The country’s deputy defense minister, Kim Seon-ho, testified that Defense Minister Kim Yong-hyun had ordered in the troops — a move he said he had opposed.
“I am sorry to the people for having been unable to prevent or stop it,” he said.
The defense minister, a former bodyguard of the president, resigned before the hearings and did not testify.
The military’s failed attempt to take over the Assembly has formed a central piece in the opposition’s argument for why Yoon should be impeached for “insurgency.”
Yoon has not been seen in public or made a public statement since the early hours of Wednesday. He had insisted that martial law was necessary to protect the country from an extremely disruptive “anti-state” opposition that he said paralyzed his government.
The National Assembly is scheduled to vote Saturday about whether to move forward with impeachment. Opposition lawmakers have a majority in the legislature, but an impeachment motion needs a two-thirds vote to pass. That would require some support from members of Yoon’s party.
The opposition is hoping to take advantage of mass demonstrations scheduled for Saturday to create extra pressure as the vote takes place.
Yoon has been struggling with abysmal approval ratings for months. One of the first nationwide opinion polls conducted after the martial law suggested overwhelming public disapproval of his latest move. More than 70% of South Koreans are in favor of impeaching him, according to the poll conducted by Realmeter, based in Seoul.
The president, who was exempted from South Korea’s mandatory military service because of eye trouble, has had support from many military veterans, thanks to his conservative hard line on North Korea and his efforts to expand military ties with the United States.

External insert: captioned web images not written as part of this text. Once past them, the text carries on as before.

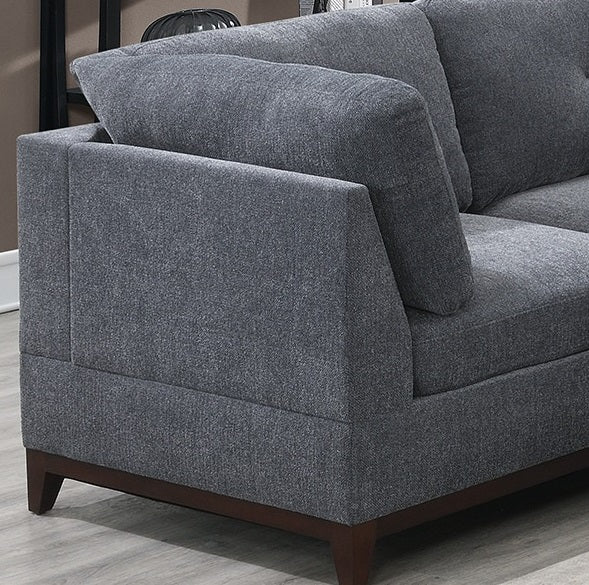Modular Living Room Furniture Corner Wedge Ash Chenille Fabric 1Pc Cushion Wedge Sofa Couch. Gun Ash Primary Living Space Contemporary,Modern Chenille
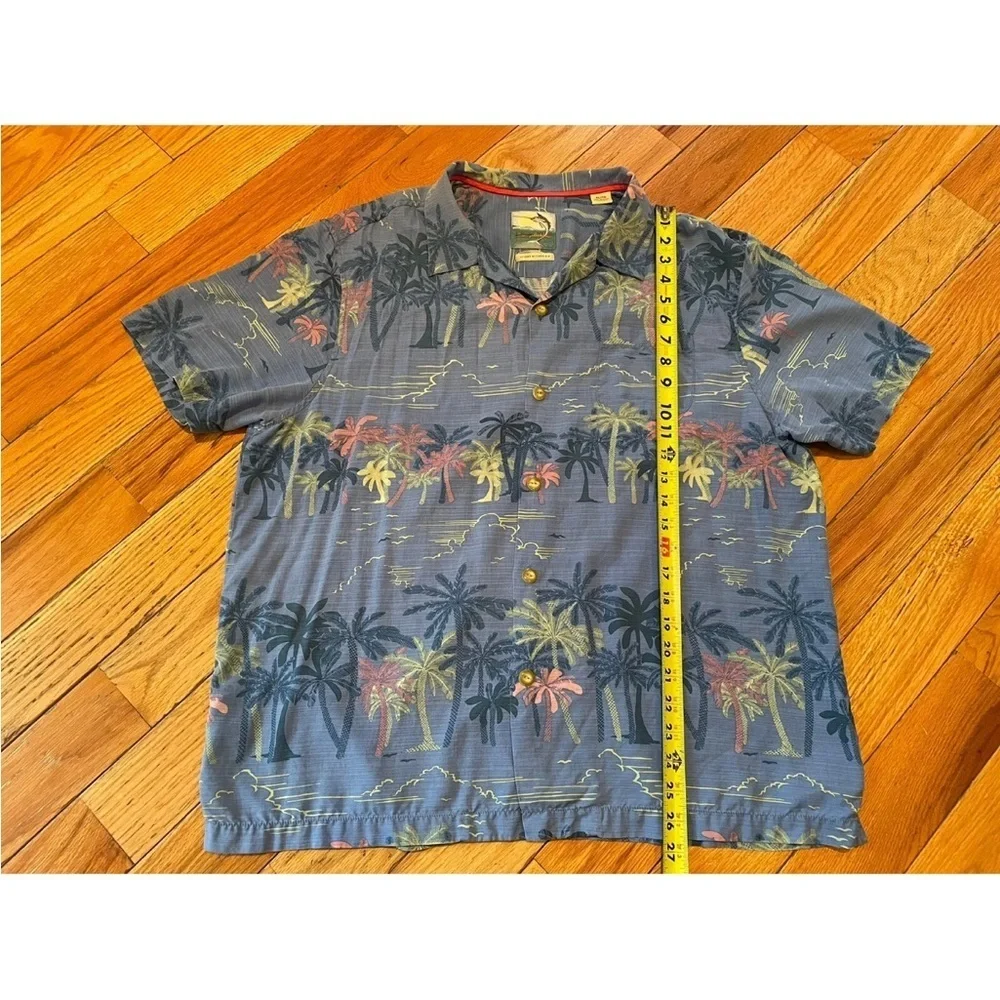 Tommy Bahama Palm Tree 100% Silk Short Sleeve Button Shirt Mens XL Blue - Picture 13 of 16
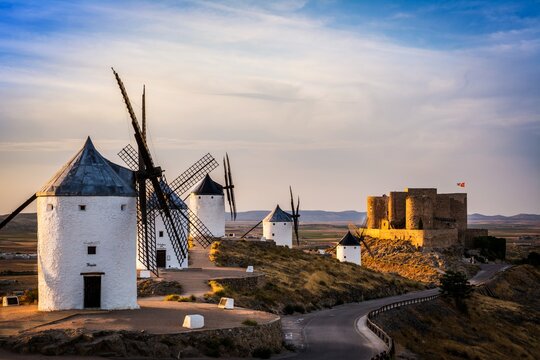 Castle and Windmills of Consuegra .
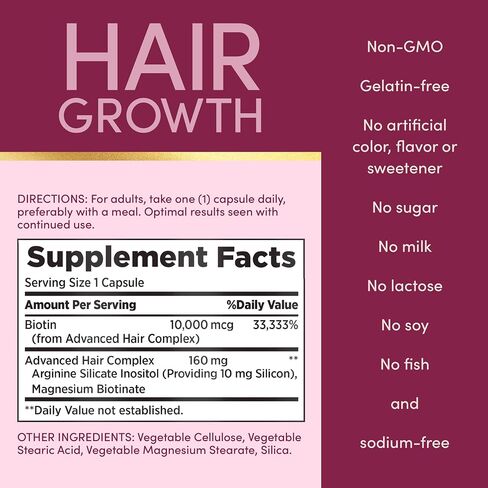 مكمل نمو الشعر من Nature's Bounty Optimal Solutions مع البيوتين، وفيتامينات نمو الشعر مع البيوتين والسيليكون والأرجينين، 1 يوميًا، 30 كبسولة، كمية تكفي لمدة شهر in Kuwait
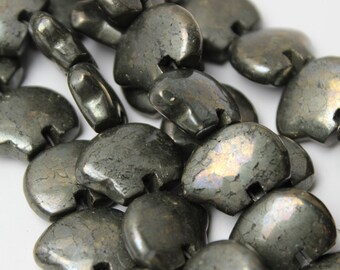 Six RARE Pyrite Zuni Style Bear Fetish Beads Sparkling Fools Gold Metallic Gemstone Southwestern Desert Totem Animal Woodland Rustic Gray
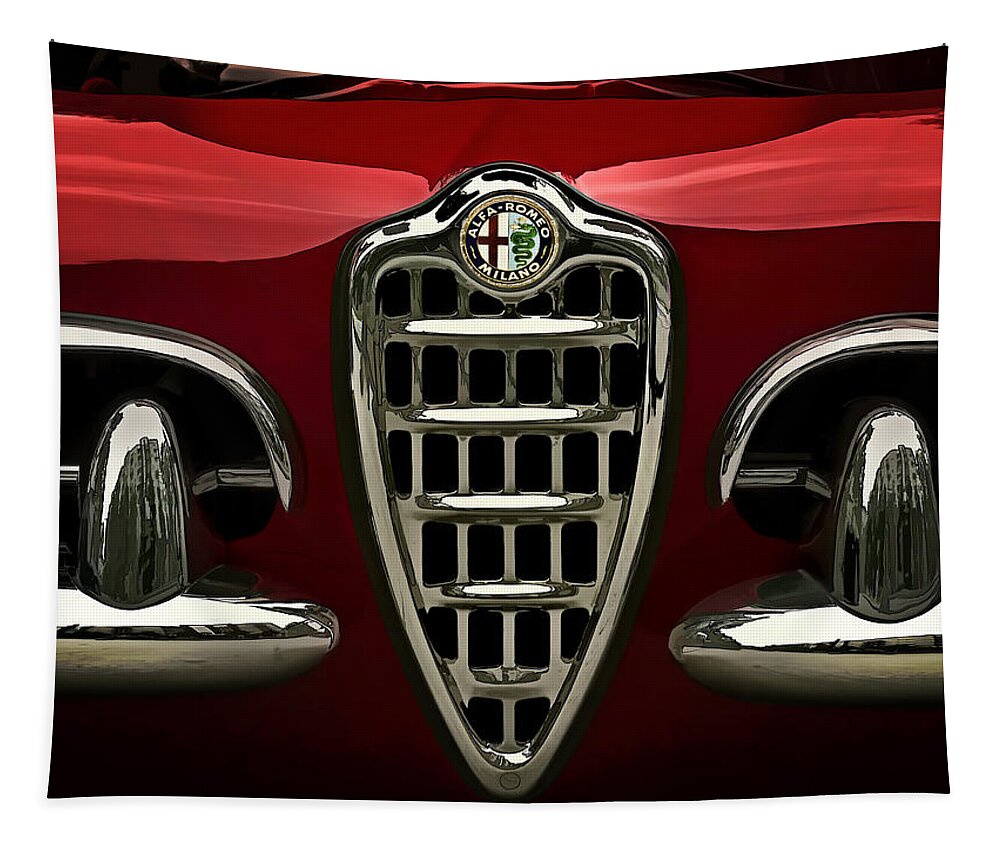 Transportation Tapestry featuring the digital art Alfa Red by Douglas Pittman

But on Thursday, old Marine veterans rallied against him near the presidential offices, calling Yoon the “mastermind of insurgency.”
“Let’s decapitate Yoon Suk Yeol!” they chanted, holding a large banner with the same slogan.
The number of protesters on the streets of Seoul swelled as evening fell, with hundreds of people converging near City Hall. Unlike the many routine protests in the city’s center that are dominated by retirees, the rally featured a vibrant cross-section of the city, grandparents standing shoulder to shoulder with students and parents with children.
People gave speeches and led chants, with “Yoon Suk Yeol must resign” as a common refrain.
Kim Sung-hwan, 67, was in the crowd. During military rule in the 1980s, he helped enforce martial law against protesters, sometimes violently.
“I came because things should never be like that again,” he said.